SURGICAL CONSIDERATIONS OF ACHALASIAREVIEW OF THE LITERATURE AND REPORT OF THREE CASES

Author Affiliations

NEW ORLEANS
From the Department of Surgery, School of Medicine, Tulane University.

Arch Surg. 1940;41(5):1146-1183. doi:10.1001/archsurg.1940.01210050106007
Abstract

A variety of terms have been applied to the clinical syndrome characterized by dilatation and hypertrophy of the esophagus associated with nonorganic obstruction of the cardia. These include cardiospasm, achalasia, phrenospasm, idiopathic dilatation of the esophagus, esophagectasia, hiatal esophagismus, megaesophagus, simple ectasia of the esophagus, preventriculosis, dilatio ingluviformis oesophagi, dilatio fusiformis and dolichoesophagus.
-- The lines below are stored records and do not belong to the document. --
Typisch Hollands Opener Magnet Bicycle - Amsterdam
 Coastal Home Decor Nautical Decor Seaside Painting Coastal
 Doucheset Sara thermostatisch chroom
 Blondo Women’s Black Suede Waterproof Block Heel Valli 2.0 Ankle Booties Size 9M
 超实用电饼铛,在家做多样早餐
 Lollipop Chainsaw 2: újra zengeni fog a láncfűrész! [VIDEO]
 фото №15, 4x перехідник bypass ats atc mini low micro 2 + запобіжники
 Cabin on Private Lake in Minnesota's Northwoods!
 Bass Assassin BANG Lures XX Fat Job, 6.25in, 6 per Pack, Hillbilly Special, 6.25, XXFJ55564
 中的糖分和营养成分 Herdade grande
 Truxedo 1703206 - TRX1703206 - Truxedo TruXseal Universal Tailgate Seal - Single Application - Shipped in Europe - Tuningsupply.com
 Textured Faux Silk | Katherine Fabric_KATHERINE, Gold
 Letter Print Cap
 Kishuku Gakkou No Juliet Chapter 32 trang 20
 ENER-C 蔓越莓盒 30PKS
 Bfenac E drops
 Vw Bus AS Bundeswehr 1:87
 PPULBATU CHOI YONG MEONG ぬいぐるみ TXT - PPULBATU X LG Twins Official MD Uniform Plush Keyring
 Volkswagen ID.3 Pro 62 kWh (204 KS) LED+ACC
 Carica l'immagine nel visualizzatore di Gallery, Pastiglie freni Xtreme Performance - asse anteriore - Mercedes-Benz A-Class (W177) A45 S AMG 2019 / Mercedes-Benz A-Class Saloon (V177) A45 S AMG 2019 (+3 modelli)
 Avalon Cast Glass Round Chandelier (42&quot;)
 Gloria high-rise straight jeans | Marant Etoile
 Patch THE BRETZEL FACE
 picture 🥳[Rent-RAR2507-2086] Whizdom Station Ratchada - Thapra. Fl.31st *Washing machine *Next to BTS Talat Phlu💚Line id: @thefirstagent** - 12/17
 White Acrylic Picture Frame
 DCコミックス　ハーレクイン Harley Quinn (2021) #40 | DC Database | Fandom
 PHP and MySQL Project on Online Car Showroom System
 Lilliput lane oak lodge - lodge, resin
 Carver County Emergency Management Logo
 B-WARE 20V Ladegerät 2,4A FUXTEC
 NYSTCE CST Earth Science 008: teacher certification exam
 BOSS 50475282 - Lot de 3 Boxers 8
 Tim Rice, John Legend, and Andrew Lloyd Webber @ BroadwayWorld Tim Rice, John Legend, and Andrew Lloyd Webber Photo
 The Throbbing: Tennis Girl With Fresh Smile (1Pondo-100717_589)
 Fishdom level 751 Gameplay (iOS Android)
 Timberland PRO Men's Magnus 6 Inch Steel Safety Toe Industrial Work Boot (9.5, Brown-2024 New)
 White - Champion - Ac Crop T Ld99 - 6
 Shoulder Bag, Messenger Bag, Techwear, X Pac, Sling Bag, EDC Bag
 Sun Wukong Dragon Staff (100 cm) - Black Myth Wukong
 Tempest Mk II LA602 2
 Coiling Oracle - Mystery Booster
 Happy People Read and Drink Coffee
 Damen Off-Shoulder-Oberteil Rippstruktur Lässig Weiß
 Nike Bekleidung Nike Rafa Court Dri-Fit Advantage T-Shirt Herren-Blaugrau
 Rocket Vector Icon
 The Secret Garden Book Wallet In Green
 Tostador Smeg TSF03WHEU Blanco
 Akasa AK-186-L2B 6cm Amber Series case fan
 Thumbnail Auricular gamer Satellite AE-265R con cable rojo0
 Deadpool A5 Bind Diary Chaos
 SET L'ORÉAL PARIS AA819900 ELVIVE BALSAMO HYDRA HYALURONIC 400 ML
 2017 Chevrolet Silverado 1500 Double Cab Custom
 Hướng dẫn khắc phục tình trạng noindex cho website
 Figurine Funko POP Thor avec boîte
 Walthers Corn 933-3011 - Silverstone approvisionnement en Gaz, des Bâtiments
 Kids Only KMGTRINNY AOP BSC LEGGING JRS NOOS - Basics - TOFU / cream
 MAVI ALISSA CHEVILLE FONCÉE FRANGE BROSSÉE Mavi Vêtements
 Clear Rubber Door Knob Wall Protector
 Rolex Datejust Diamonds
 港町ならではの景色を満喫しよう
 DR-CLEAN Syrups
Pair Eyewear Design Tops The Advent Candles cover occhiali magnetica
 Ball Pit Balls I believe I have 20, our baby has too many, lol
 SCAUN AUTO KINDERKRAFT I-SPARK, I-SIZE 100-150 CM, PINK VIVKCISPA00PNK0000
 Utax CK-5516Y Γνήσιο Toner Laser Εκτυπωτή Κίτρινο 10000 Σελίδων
The multifarious designations clearly reveal the controversial causation and the bewildering pathogenesis of the condition. This is further reflected by the various types of therapeutic procedures which have been employed. It is considered inopportune to attempt here a detailed discussion of the different theories and concepts of the malady, as these have been adequately reviewed in previous publications.1 However, it may be desirable to present briefly some of the factors which have been considered of pathogenic significance, in order to permit a better comprehension of the varied surgical therapeutic procedures that have been employed and advocated.